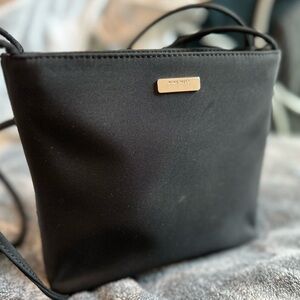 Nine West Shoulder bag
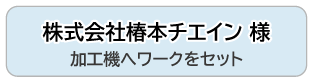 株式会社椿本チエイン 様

--

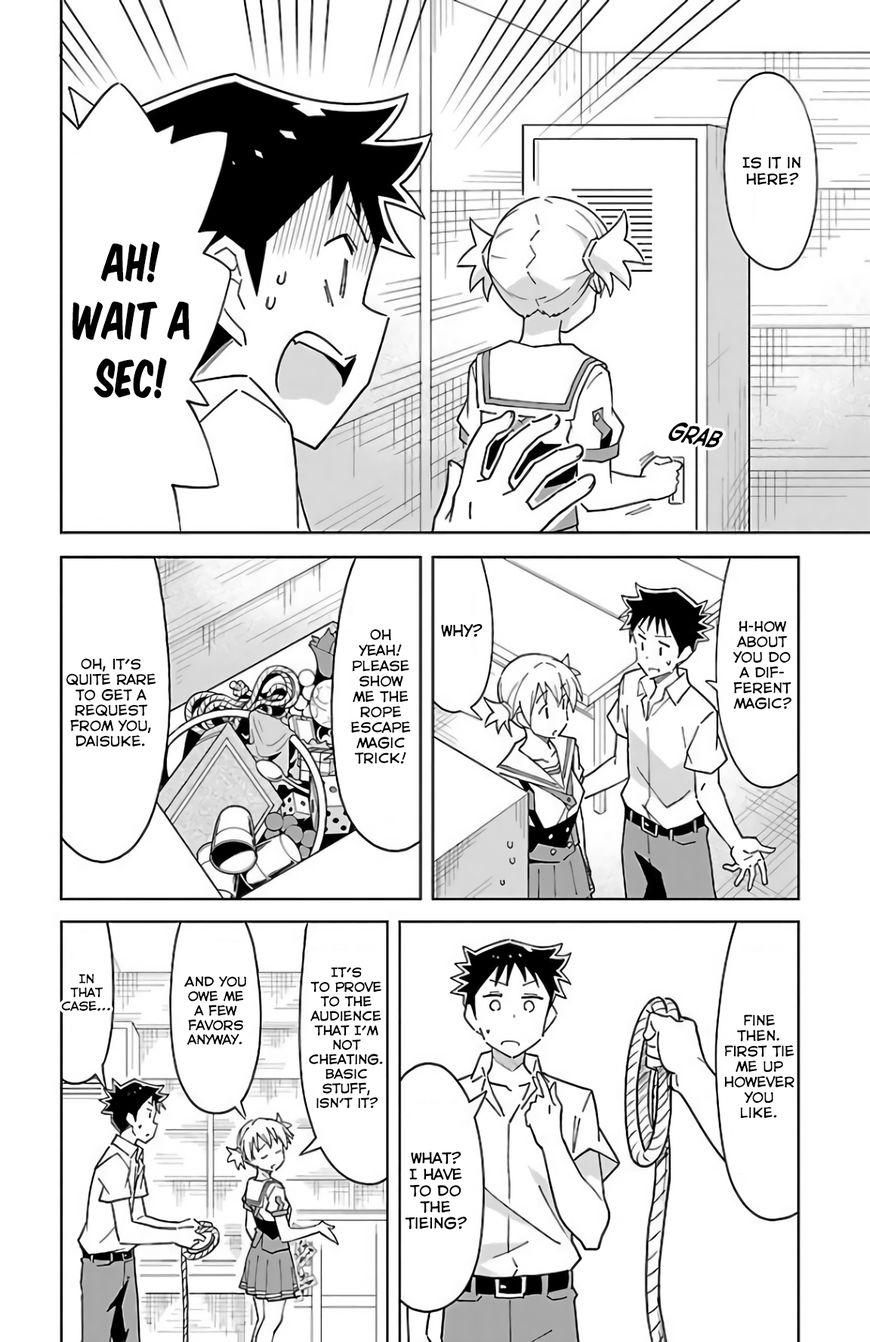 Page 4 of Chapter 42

...

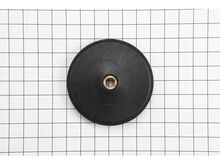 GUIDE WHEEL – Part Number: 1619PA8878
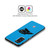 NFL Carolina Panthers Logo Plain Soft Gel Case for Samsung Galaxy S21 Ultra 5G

§ **What is being asked**: Using the records above, return verbatim only the part that opens with the line containing "GUIDE WHEEL – Part Number: 1619PA8878" and closes with the line containing "NFL Carolina Panthers"; pictures stay out.

§ **Your response**:
 GUIDE WHEEL – Part Number: 1619PA8878
 NFL Carolina Panthers Logo Plain Soft Gel Case for Samsung Galaxy S21 Ultra 5G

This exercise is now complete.